A poem is like a dictator and a daughter is a mother’s pride, we learnt at an adda with Nabaneeta Dev Sen and Nandana Dev Sen

  • Published 27.08.16
Nabaneetadi and Nandana smile for the t2 camera. Pictures: Pabitra Das

Nabaneeta Dev Sen has over 80 books in print in Bengali, including novels, short stories, poetry, travelogues, plays, humour, non-fiction narratives, literary criticisms and children’s literature. But do you know which was the first literary form Nabaneetadi chose to express herself in? Poetry.

So, it was quite fitting that when Nandana Dev Sen, actor-writer-child rights activist, decided to translate some of her mother’s works for her 75th birthday, she turned to poetry. Make Up Your Mind: 25 poems about choice (published under iUniverse, Rs 250), is a bilingual collection comprising Nabaneeta Dev Sen’s poetry and their English translations by Nandana Dev Sen.

On August 21, the mother and daughter turned the Sunday evening into a perfect rainy day adda at August Company of Writers, an initiative of Tata Steel Kolkata Literary Meet (Kalam) and Story bookstore. Mother read some of her Bengali poems, each followed by daughter reading her English versions. Then Kalam director Malavika Banerjee engaged the two ladies in a chat down memory lane.

Choice of the matter
Nandana: There’s a practical reason why this book is called 25 poems about choice — most of these are from Ma’s last book of poetry, called Tumi Monostheer Koro, which is a very strong title, it’s a command about making a choice. And while I was choosing the poems, I discovered that I was thinking about choice both from my mother’s point of view and mine. First, because it was a really difficult but also a really beautiful process of choosing from the poems I had loved.

Second, my mother’s works, not just  her poetry, but also her novels and even her humorous pieces, are all about choice. It is about the difficult choices that women have to make. Personally and professionally, she herself has made many fearless choices. Each poem here is about choice, whether it’s the choice of identity, of multi-tasking (The Acrobat), the choice of gender perspective (Night of the Rape), or the choice of being consumed by the creative or the destructive power of poetry…

Even though I had read all of these poems before, because I was reading them again at a stretch, it made me understand very central experiences in my mother’s life much better… each poem became, in a way, like an emotional history, almost like I was reading a journal.

They made me understand my parents’ separation more, they made me understand her loneliness, they made me understand the importance of the presence or absence of love in her life, even in poems that were not love poems, they made me understand better the very intimate and intense — loving and yet intricate — relationship that my mother had with my grandmother, who was also a poet. 

The inner balance
Nabaneeta: As far as I am concerned, when I am writing, every poem is demanding... it is like a dictator. You have to choose the words, the metre, the rhyme and the rhythm… without striking a balance you cannot write a sentence.

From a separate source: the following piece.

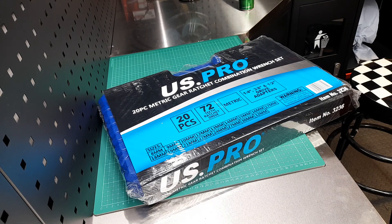In this video we're going to look at a 20-piece metric ratchet spanner set from US Pro, item number 3236. Let's see what you get.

If you ask me how and why and in which way my poetry gets written, I can’t answer. I think my poems speak for themselves. A poem creates itself. The inner balance that is necessary for a poem to stand by itself is created by itself. One word brings in another… and then another and the balance is created by itself. The poem you set out to write and the poem that finally gets written are usually very different ones. 

Nandana’s doting husband
John Makinson, the chairman
of Penguin Random House,
video-records the poetry
proceedings at Story

Language you live
Nabaneeta: I never talk about my writings in English. I wrote in English at a time when I used to live in an environment where everybody spoke English, where I only heard English. The language that I lived was the language that I wrote. So that is how a line came to me in English and then other lines followed….

Those were the days when we were living outside India. I never really left Bangla that way — I taught my children to read and write Bangla when we were abroad. Once I came back, I became politically extremely Bangla-minded. I believe that it is very important that we should write in our mother tongue in the regional languages. That way you are also serving yourself and serving your language. 

Truth about translations
Nandana: I think it’s a huge problem that we haven’t learnt to appreciate translation as an art form and that’s one of the reasons why even though we have absolutely fantastic literature in the vernacular languages, forget a world audience, they don’t even reach a national audience. Whereas, if you are looking at literature in other parts of the world, the number of Nobel Prizes that are given to authors who are not writing in English, on the power of their translations, is incredible.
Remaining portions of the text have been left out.